In the process of judicial investigation the
representatives of the petitioner emphasised that, while
restoring ownership rights to real property, the main provision
is justice. Justice is understood as a balance of interests,
and in this particular case it is the co-ordination of
interests of the former owners and the tenants who now reside
in the houses which are subject to being returned. The main
interest of the owner is retrieval of the real property in kind
whereas that of the tenant is to get and privatise other
dwelling place which corresponds to that returned to the owner.
The co-ordination of these interests objectively depends on the
economic capacity of the state.

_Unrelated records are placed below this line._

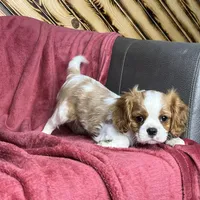Cole, a male Cavalier King Charles Spaniel for sale in Fredericksburg, OH – Photo 2 of 5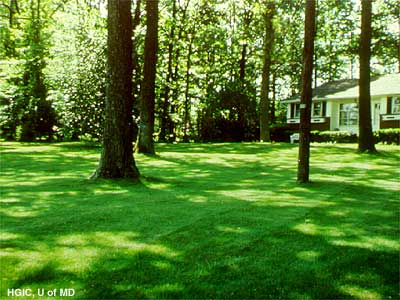 Improving Lawns in Shade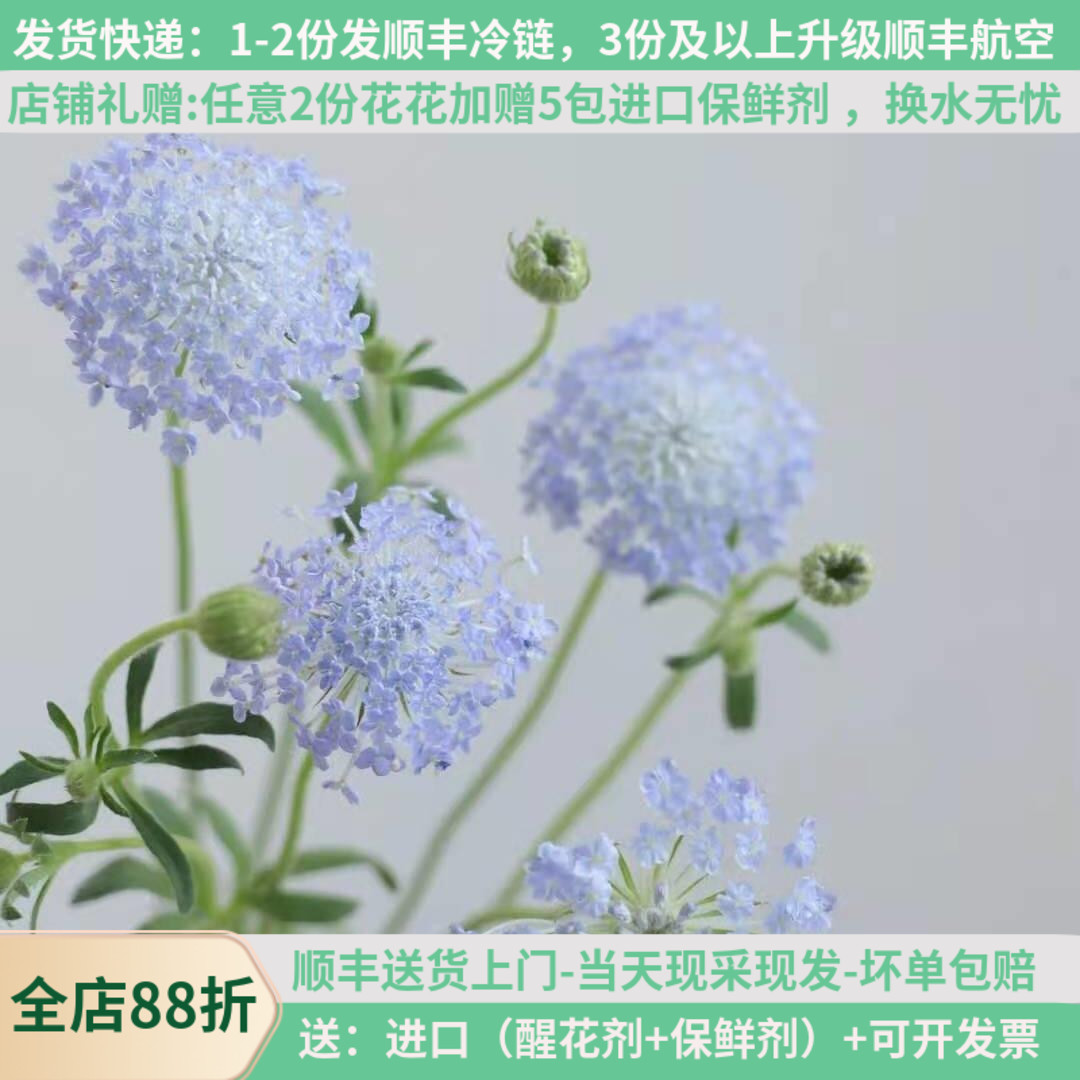 翠珠雨伞花鲜切花婚礼装饰航空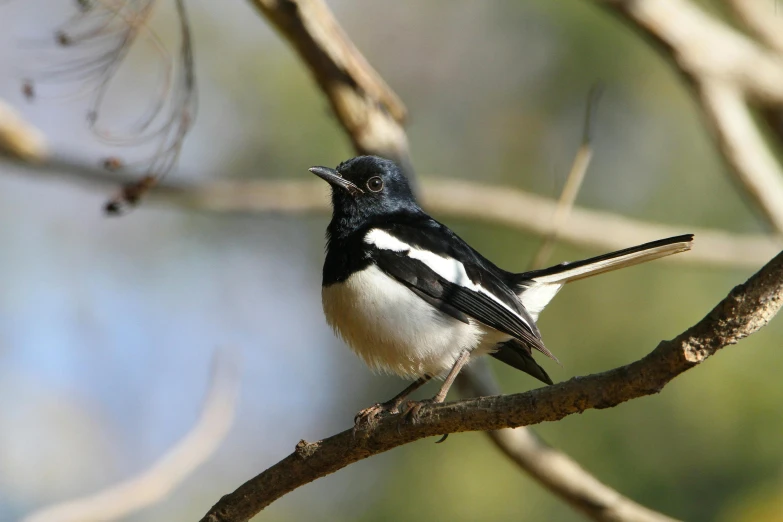 a black and white bird sitting on a nch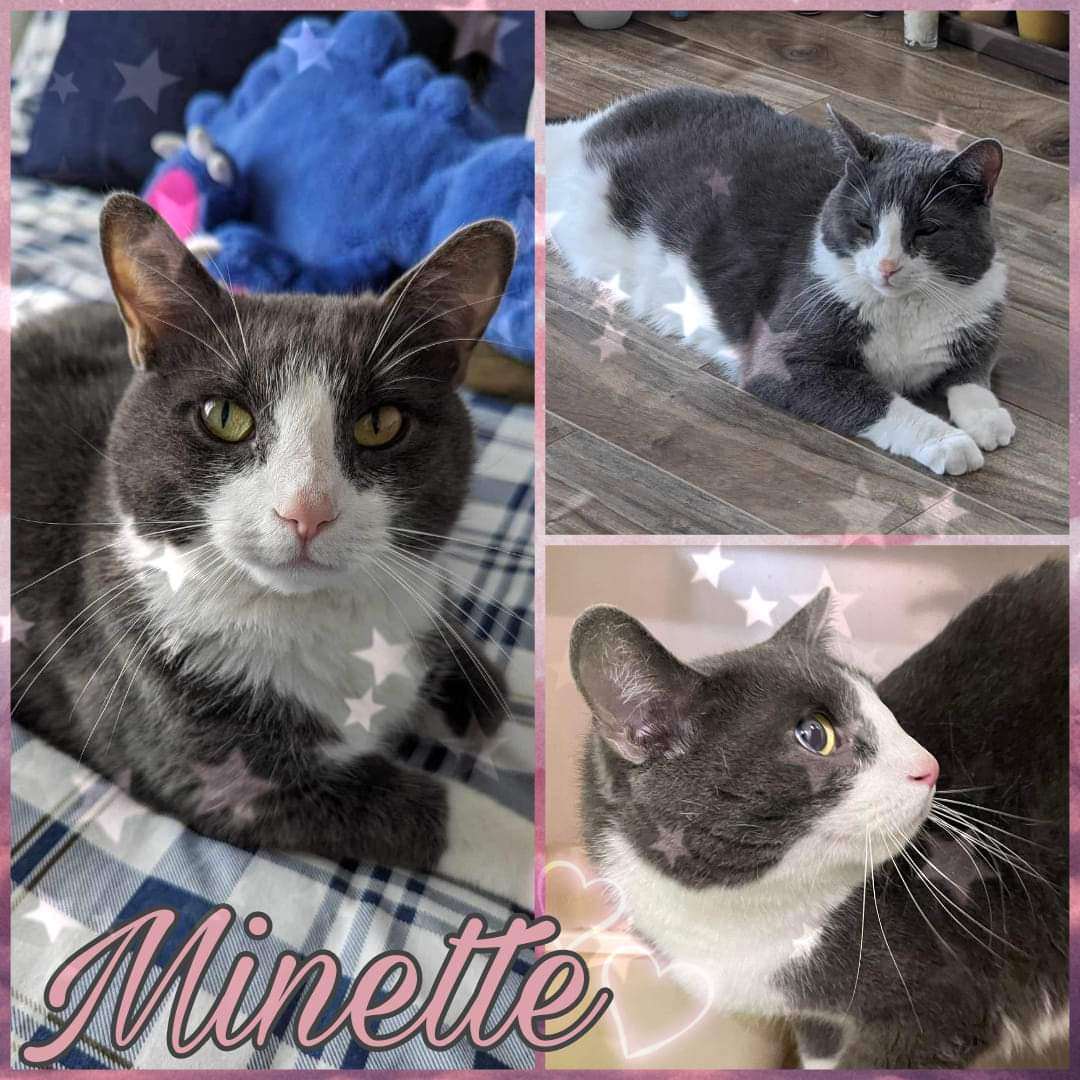 Enlarge Minette, a Adoptable Domestic Short Hair in Beloeil, QC image 1/1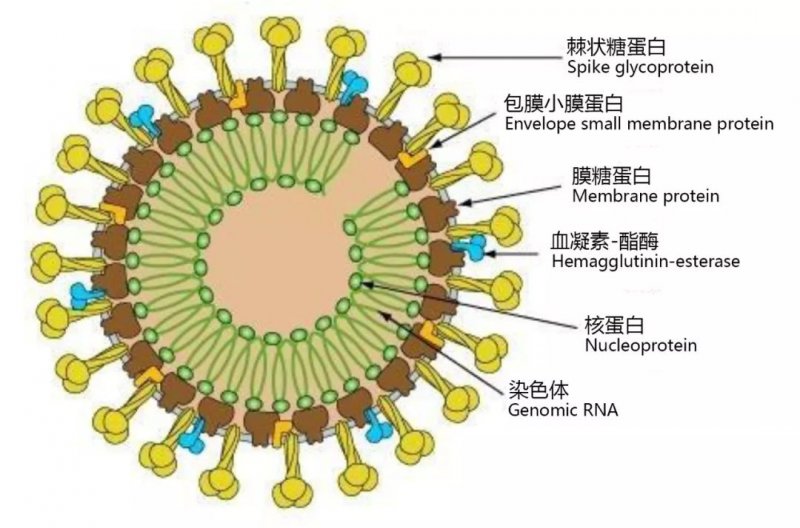 疫情病毒全称解析，从未知到认知的历程探索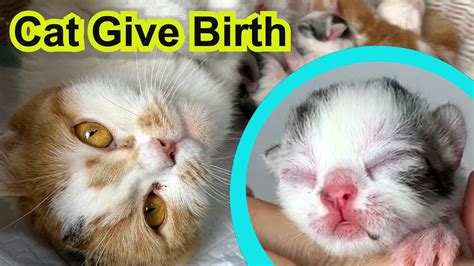 Cat Giving Birth To Kittens With Complete Different Color Youtube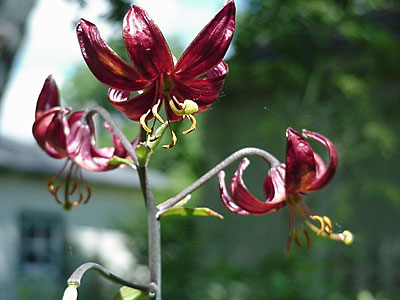 Martagon Lily (__________)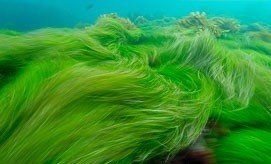 морской лен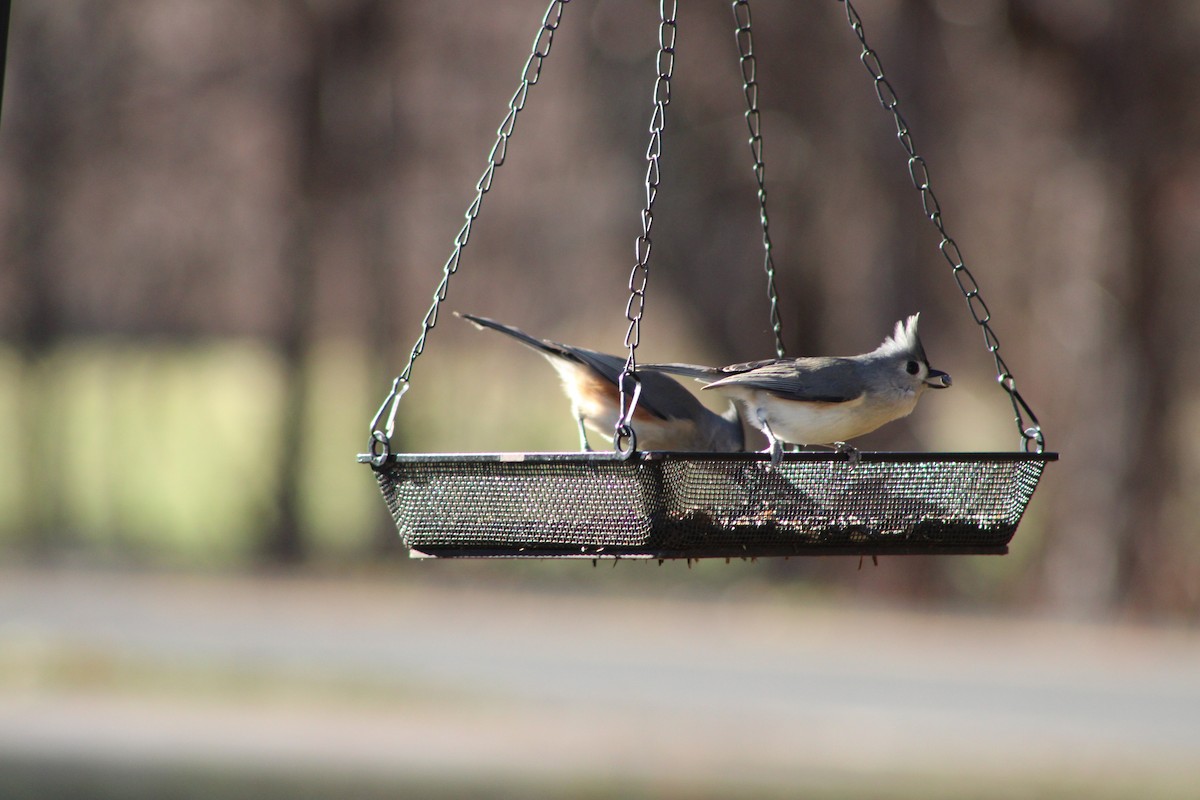 Tufted Titmouse - ML646465397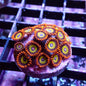 Zoanthid Frag [Aquacultured]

Therefore it is immoral and
illegal to require that the issue of property restoration or
that of compensation allotment were decided within 3 months
while, in addition, one should consider the fact that the
compensation is paid within 10 years whereas the budget is
accrued for one year but not for 3 months.
The representatives of the petitioner did not contest the
right of the tenant residing in the house subject to being
returned to other dwelling place which conforms to the
requirements of law. However, as the Law provides that the
issue of the property restoration in kind or compensation of
the value of the property must be decided within 3 months and
while it is impossible to restore ownership rights in kind
during such a short period of time, thus, if the compensation
was allotted to the former owner, the principle of
co-ordination of interests would not be followed. The
representatives of the petitioner also deem that this procedure
provided for in the Law contradicts Article 29 of the
Constitution. Equality of rights of persons is violated as
implementation of the rights is dependent on the economic
capacity of a particular local government and on the fact how
much of the unoccupied dwelling place is at its disposal at the
given moment.
In the opinion of the representatives of the petitioner,
when solving this issue, a roll of the queue of the tenants who
reside in the houses which are subject to being returned to the
owners and who must be provided with dwelling place must have
been formed. They must be provided with other dwelling place
within 10 years and from state means, the dwelling place rented
by them may not be privatised while the local government or
another state institution shall adopt the decision to return
the property to former owners in kind. The interests of the
tenants are protected by the guarantees for the tenants as
provided in the Law. The allotment of dwelling place to the
tenants should be the priority direction of the budget.
III
While replying to the Constitutional Court paper for the
party concerned, Pranciškus Vitkevičius, Chairman of the Seimas
Committee of State and Law, when the case was being prepared
for the court hearing, explained in writing that the members of
the Seimas do not insistently point out in their petition as to
what provisions (what articles) of the Constitution are
challenged by the contested norms. The petition contains an
indication to Article 23 of the Constitution, however, the
Constitutional Court has held that persons whose ownership
rights are not restored and who claim to restore the rights
shall not be the owners. Therefore it is impossible to assert
that the disputed norms contradict Article 23 of the
Constitution. The Chairman of the Committee points out that the
initial wording of the Law was not perfect. It was necessary to
amend and improve the Law while taking account of the actual
economic and social conditions and the interests of particular
groups of people of Lithuania. The disputed amendments were
passed on the grounds of the following reasons:
1) The former norms of the law were vague and solving of
the ownership restoration issue was not limited by any time
limit whereas such a vagueness corresponded the interests of
neither the former owners nor the tenants. The Seimas had to
resolve this issue then.
2) When resolving the issue of restoration of the
ownership rights to existing houses, it was necessary to
consider the economic situation of the state. At the given
moment, the Republic of Lithuania is not capable to provide
with dwelling place in pursuance of Article 357 of the Civil
Code all the tenants who reside in houses the right to property
to which must be restored. In addition, there exist no means to
pay at once the former owners all the price of the houses
(apartments) which formerly belonged to them.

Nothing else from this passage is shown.